• Activity:
Word for word, give again the lines of the material below, from the one holding "Sandero-II-Beide Seitenspiel mit" to the last, with nothing added.

• Records shown:

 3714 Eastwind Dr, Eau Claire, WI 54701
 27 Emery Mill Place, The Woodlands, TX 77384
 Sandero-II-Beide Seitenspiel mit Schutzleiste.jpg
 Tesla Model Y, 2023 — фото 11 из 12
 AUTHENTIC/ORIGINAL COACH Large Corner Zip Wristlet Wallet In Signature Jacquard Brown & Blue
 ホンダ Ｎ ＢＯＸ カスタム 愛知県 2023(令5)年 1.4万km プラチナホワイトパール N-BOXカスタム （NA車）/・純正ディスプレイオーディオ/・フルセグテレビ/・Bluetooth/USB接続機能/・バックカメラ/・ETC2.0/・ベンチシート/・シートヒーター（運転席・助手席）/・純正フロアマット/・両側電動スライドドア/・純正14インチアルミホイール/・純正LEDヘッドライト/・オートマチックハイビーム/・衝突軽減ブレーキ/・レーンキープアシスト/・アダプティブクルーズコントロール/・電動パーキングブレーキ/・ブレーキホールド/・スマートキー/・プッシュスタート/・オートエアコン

• Answer section:
 Sandero-II-Beide Seitenspiel mit Schutzleiste.jpg
 Tesla Model Y, 2023 — фото 11 из 12
 AUTHENTIC/ORIGINAL COACH Large Corner Zip Wristlet Wallet In Signature Jacquard Brown & Blue
 ホンダ Ｎ ＢＯＸ カスタム 愛知県 2023(令5)年 1.4万km プラチナホワイトパール N-BOXカスタム （NA車）/・純正ディスプレイオーディオ/・フルセグテレビ/・Bluetooth/USB接続機能/・バックカメラ/・ETC2.0/・ベンチシート/・シートヒーター（運転席・助手席）/・純正フロアマット/・両側電動スライドドア/・純正14インチアルミホイール/・純正LEDヘッドライト/・オートマチックハイビーム/・衝突軽減ブレーキ/・レーンキープアシスト/・アダプティブクルーズコントロール/・電動パーキングブレーキ/・ブレーキホールド/・スマートキー/・プッシュスタート/・オートエアコン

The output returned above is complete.